**About this exercise**
Below are some entries; reproduce them exactly and leave every picture out.

Web page caption snippets:
-- -- --
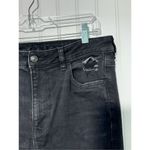 American Eagle  Outfitters Womens Distressed Super Hi Rise Jeggings Black Size 14 Photo 3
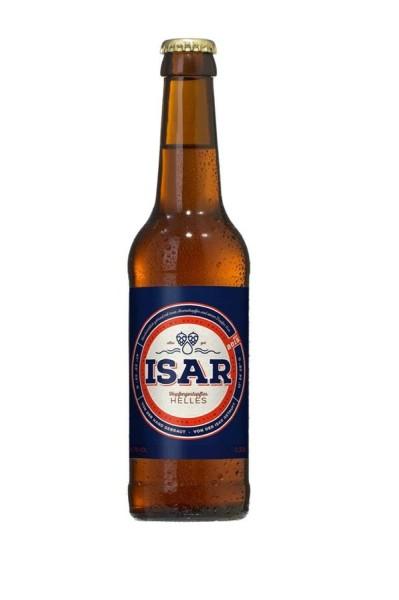 ISAR Bier Hopfengestopftes Helles, 0,33 ltr Flasch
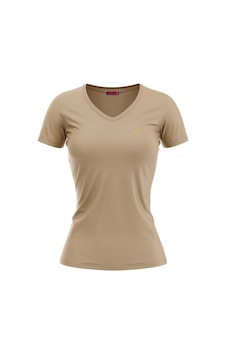 Raru Kadın %100 Pamuk T-Shirt Mulıer Bej Raru Kadın %100 Pamuk T-Shirt Mulıer Bej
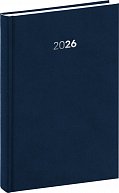 Diář 2026: Balakon - tmavěmodrý, denní, 15 x 21 cm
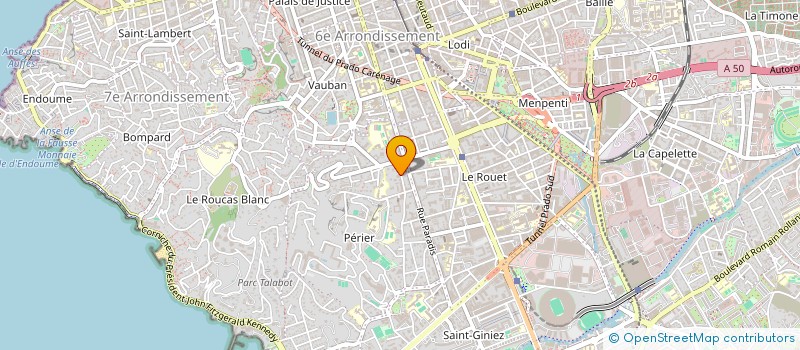 localisation de l'entreprise MADAME MICHELLE HUGHES  MARSEILLE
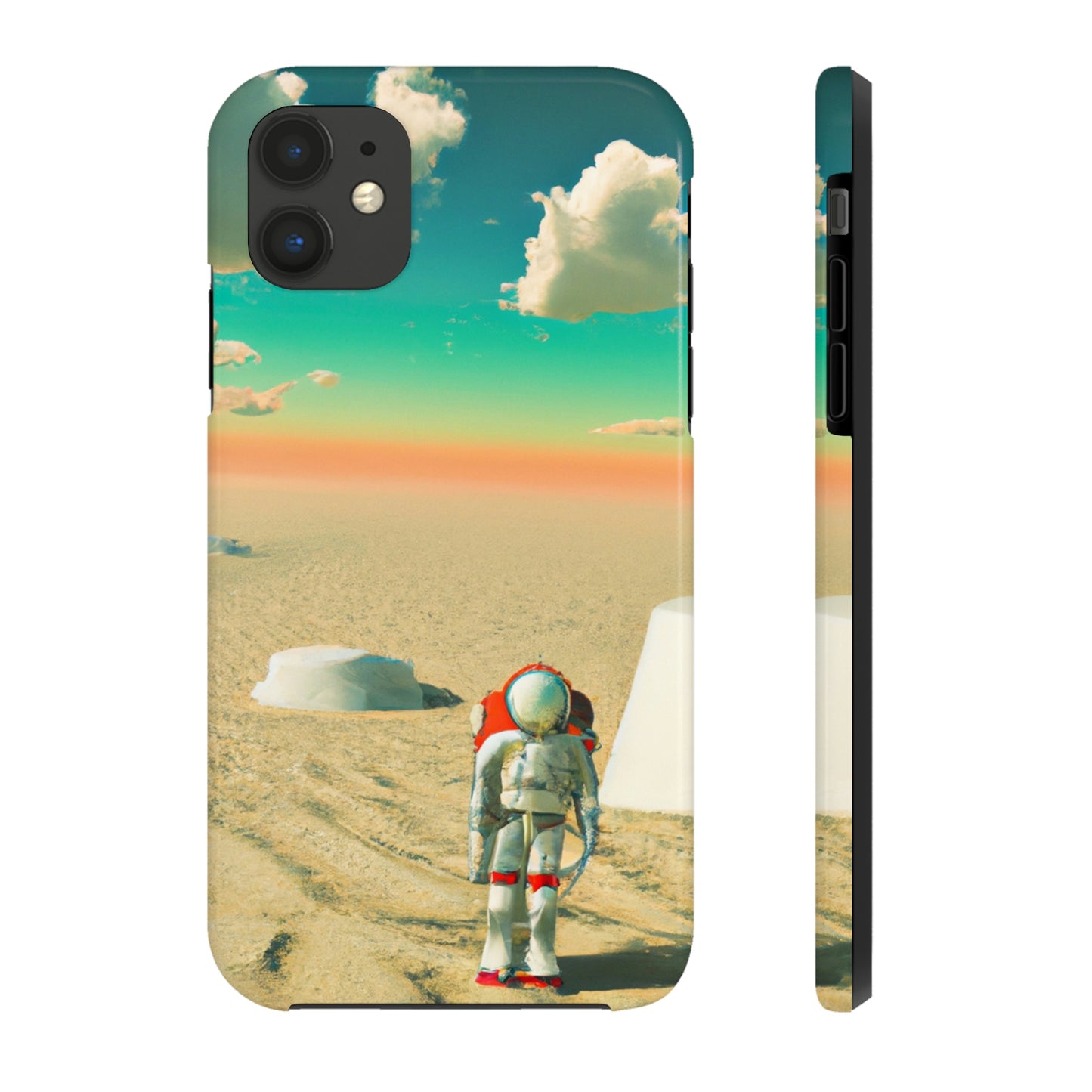 "A Strayed Astronaut: Alone on a Forlorn Planet" - The Alien Tough Phone Cases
-- -- --
**Completed task**
 American Eagle  Outfitters Womens Distressed Super Hi Rise Jeggings Black Size 14 Photo 3
 ISAR Bier Hopfengestopftes Helles, 0,33 ltr Flasch
 Raru Kadın %100 Pamuk T-Shirt Mulıer Bej Raru Kadın %100 Pamuk T-Shirt Mulıer Bej
 Diář 2026: Balakon - tmavěmodrý, denní, 15 x 21 cm
 localisation de l'entreprise MADAME MICHELLE HUGHES  MARSEILLE
 "A Strayed Astronaut: Alone on a Forlorn Planet" - The Alien Tough Phone Cases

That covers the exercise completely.